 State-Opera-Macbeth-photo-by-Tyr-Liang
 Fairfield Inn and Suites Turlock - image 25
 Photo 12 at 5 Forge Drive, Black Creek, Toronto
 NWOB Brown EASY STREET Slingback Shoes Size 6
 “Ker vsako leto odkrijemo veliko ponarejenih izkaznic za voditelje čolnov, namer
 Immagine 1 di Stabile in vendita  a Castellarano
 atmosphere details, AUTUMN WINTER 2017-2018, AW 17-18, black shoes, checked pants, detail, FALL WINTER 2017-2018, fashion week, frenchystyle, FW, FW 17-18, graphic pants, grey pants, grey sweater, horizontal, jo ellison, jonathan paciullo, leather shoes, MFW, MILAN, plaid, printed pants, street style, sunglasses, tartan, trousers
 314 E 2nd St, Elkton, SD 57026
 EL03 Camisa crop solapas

■ ■ ■ ■ ■ ■ ■

Copy each line exactly, from the line containing "Photo 12 at" down to the last line of the material, and no other lines.

(SOLUTION)
 Photo 12 at 5 Forge Drive, Black Creek, Toronto
 NWOB Brown EASY STREET Slingback Shoes Size 6
 “Ker vsako leto odkrijemo veliko ponarejenih izkaznic za voditelje čolnov, namer
 Immagine 1 di Stabile in vendita  a Castellarano
 atmosphere details, AUTUMN WINTER 2017-2018, AW 17-18, black shoes, checked pants, detail, FALL WINTER 2017-2018, fashion week, frenchystyle, FW, FW 17-18, graphic pants, grey pants, grey sweater, horizontal, jo ellison, jonathan paciullo, leather shoes, MFW, MILAN, plaid, printed pants, street style, sunglasses, tartan, trousers
 314 E 2nd St, Elkton, SD 57026
 EL03 Camisa crop solapas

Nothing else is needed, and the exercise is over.